If the code is correct, perhaps it’s a SuperCollider bug. I’m using v3.11.2 on macOS 10.15.6.

It feels a bit like there may be an issue with the RecordBuf and PV_RecordBug uGens. Maybe files are being opened for writing, the write fails, for some reason, and the files are not properly closed again.

It could be that the RT server crashes with the synth are related to attempting to read from corrupt analysis files (though loading the files into the “b” and “p” buffers doesn’t report errors).

“It fails” could mean a lot of things… “[you] mentioned” that it fails but I really have no idea what “it” means.

I’d like to see a really concrete example of failure vs success. If the pitch analysis file is corrupt, how is it corrupt? (I’m skeptical of this – Tartini should be deterministic – if it isn’t deterministic for you, it would be helpful to present evidence). Or, is the analysis file fine, and it’s a playback issue?

As for playback with the pitch shifting – I’d suggest to solve one problem at a time: first, a very simple SynthDef using the pitch data, and only after this is working, integrate it into the larger context. You’ll be tempted to go right to the full patch, but there are a lot of moving parts. If you’re not sure how the pitch part will work yet, it would be better to step back temporarily.

hjh

Sorry, I’m being wooly again. When I say “it fails” I meant in the way mentioned in a previous message - the analysis files don’t seem to be written properly. In these cases, the FFT analysis file previews in Finder as silent except for a loud click at the beginning, and won’t open in Audacity, though I think (from memory) Get Info in the finder does report the expected file-type, sample-rate and length for the file.

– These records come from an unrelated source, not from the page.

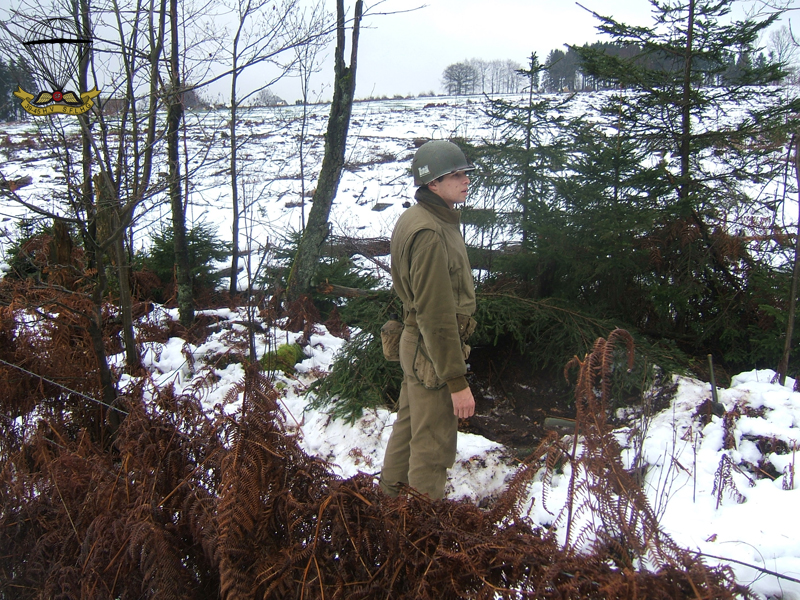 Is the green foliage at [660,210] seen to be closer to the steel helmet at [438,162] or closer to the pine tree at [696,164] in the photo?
the pine tree at [696,164]

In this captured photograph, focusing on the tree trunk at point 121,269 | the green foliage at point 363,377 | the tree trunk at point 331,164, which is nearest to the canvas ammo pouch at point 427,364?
the green foliage at point 363,377

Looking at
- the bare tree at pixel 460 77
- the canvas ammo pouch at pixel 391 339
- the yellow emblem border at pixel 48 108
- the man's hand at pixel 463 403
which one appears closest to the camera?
the man's hand at pixel 463 403

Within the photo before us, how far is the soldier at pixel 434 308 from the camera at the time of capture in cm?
255

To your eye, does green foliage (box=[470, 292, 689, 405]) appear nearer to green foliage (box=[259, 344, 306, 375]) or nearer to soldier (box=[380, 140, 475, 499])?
soldier (box=[380, 140, 475, 499])

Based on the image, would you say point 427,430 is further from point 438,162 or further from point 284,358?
point 284,358

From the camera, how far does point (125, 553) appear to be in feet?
6.92

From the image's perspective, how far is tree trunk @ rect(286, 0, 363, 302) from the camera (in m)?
6.65

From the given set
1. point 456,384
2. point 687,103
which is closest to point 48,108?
point 456,384

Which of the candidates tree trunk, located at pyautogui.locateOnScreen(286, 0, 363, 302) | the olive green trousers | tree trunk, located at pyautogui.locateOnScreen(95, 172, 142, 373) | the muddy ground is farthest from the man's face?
tree trunk, located at pyautogui.locateOnScreen(286, 0, 363, 302)

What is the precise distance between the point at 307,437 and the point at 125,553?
2.22 metres

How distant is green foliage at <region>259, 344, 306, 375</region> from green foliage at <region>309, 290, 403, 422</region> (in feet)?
2.51

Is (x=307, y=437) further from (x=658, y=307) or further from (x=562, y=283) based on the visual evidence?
(x=658, y=307)

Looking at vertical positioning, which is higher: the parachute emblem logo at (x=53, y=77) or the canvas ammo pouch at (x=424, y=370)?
the parachute emblem logo at (x=53, y=77)

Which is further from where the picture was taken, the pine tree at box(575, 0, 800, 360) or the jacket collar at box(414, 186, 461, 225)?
the pine tree at box(575, 0, 800, 360) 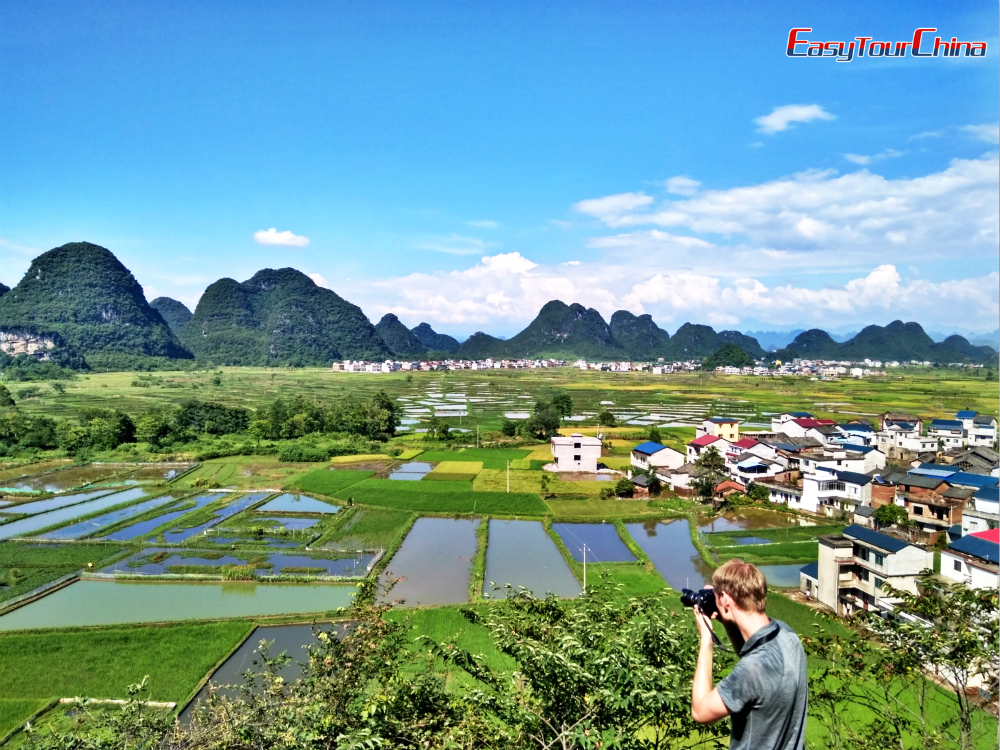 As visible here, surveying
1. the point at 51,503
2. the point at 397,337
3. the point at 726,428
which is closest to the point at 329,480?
the point at 51,503

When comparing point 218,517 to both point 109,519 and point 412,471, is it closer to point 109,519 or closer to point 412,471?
point 109,519

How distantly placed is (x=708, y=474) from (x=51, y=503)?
958 inches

In fact, I’ve had instances of the data from the FFT analysis buffer being written into the pitch file, as well as the FFT file being apparently corrupt.

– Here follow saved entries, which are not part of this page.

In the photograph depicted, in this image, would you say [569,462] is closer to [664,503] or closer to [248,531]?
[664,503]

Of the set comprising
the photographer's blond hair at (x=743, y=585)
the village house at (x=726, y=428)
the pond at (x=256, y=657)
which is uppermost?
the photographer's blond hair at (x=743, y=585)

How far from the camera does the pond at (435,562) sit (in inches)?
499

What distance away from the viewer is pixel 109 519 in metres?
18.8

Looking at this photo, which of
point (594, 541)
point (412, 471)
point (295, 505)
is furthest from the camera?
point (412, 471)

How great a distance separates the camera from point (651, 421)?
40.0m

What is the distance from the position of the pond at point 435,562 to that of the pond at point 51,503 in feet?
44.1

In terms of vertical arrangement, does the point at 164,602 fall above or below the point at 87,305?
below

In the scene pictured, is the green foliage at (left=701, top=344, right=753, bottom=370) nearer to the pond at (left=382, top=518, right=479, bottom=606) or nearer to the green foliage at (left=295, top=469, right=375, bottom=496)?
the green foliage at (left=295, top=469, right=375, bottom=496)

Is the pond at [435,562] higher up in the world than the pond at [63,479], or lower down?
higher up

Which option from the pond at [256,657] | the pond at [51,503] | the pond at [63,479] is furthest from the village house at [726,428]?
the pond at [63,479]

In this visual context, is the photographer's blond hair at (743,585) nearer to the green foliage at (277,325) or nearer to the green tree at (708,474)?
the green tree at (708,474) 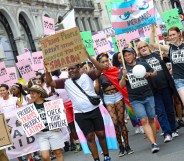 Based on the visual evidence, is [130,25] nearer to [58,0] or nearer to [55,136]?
[55,136]

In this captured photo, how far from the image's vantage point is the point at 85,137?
23.3ft

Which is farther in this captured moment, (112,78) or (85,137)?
(112,78)

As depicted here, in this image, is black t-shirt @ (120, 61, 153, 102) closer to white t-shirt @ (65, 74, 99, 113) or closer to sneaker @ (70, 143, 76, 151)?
white t-shirt @ (65, 74, 99, 113)

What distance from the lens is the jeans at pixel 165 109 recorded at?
26.7ft

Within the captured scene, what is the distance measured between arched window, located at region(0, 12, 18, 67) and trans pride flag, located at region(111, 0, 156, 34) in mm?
20092

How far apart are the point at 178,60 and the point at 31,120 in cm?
236

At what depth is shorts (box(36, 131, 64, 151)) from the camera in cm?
660

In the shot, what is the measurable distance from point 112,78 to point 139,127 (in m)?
2.41

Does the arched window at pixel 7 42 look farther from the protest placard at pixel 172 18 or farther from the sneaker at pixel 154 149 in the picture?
the sneaker at pixel 154 149

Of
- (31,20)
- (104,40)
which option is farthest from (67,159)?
(31,20)

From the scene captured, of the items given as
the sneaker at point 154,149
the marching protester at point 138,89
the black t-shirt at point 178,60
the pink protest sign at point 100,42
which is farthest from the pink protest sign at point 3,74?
the black t-shirt at point 178,60

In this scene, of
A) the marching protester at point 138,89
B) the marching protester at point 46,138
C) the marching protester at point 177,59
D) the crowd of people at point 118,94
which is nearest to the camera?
the marching protester at point 46,138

With the exception of the rare occasions (maybe only once) I’ve seen this happen, the pitch-analysis data actually seems to be generated and written properly.

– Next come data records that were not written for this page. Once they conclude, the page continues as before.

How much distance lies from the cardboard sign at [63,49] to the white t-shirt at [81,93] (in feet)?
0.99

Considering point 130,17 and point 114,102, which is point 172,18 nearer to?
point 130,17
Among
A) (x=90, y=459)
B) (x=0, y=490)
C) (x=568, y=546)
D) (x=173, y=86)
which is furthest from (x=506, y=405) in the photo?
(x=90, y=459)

The pitch-tracking uGens itself seems to work as intended.

If I repeatedly run the analysis function on the same audio, sometimes it will work as intended, and sometimes not.

I’ve found that commenting-out the lines in the NRT server definition related to pitch-analysis seems to reduce these errors in writing the FFT data, so thew problem appears to be related to the two operations happening at the same to (though as with all intermittent issues, it’s hard to say if removing the pitch analysis eliminated them altogether).

I’m at work at the moment, and on my work machine (a slightly higher-spec iMac), I can’t get the same glitch to occur. Analysis and file-writing seems to work fine, now, with the NRT server defined as above…

See above. But playback does seem to crash the SC server sometimes.

In testing, I usually run each code block in turn, from the top, but I haven’t always been checking that the analysis files have been correctly written, so it’s possible that the crashes occur when the files have not been correctly written.

This is very good advice! The time-domain pitch-shifting using the PitchShift uGen is OK for downward-shifting, but predictably not so great for pitching up, when it goes metal chipmunk after a few semitones.